[RECORDS TO PROCESS]:
»»
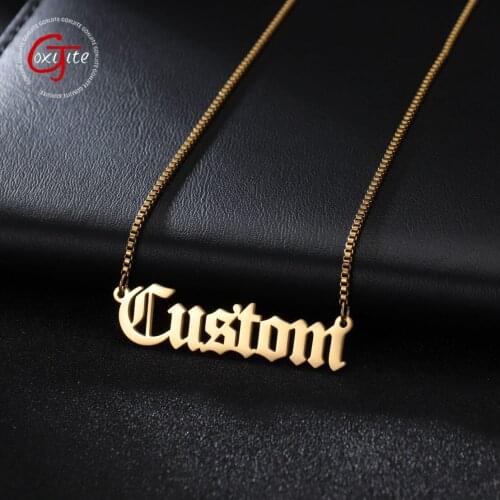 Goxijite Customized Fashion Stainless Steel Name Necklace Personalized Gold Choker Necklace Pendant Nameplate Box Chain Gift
««
»»
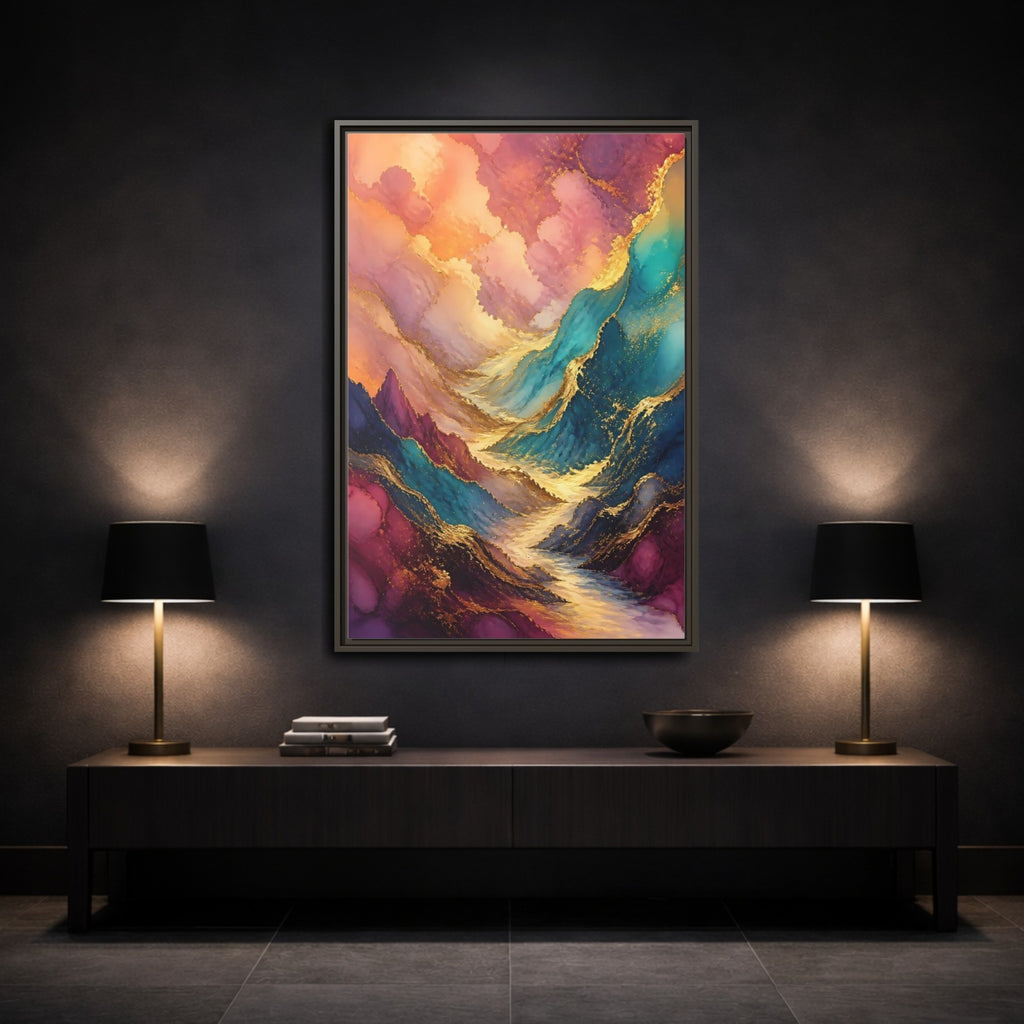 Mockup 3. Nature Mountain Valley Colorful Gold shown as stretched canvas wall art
««
»»
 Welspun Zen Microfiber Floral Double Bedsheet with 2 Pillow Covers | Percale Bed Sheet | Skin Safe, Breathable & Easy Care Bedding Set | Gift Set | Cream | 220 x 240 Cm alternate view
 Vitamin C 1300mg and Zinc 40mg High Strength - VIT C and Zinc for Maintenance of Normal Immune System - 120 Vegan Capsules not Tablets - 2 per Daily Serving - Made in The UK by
««
[TASK OBJECTIVE]: Please give back exactly the lines of this listing beginning at the line with "Welspun Zen Microfiber" and ending with the line with "Vitamin C 1300mg", both included, and nothing else.

[WRITTEN RESPONSE]:
 Welspun Zen Microfiber Floral Double Bedsheet with 2 Pillow Covers | Percale Bed Sheet | Skin Safe, Breathable & Easy Care Bedding Set | Gift Set | Cream | 220 x 240 Cm alternate view
 Vitamin C 1300mg and Zinc 40mg High Strength - VIT C and Zinc for Maintenance of Normal Immune System - 120 Vegan Capsules not Tablets - 2 per Daily Serving - Made in The UK by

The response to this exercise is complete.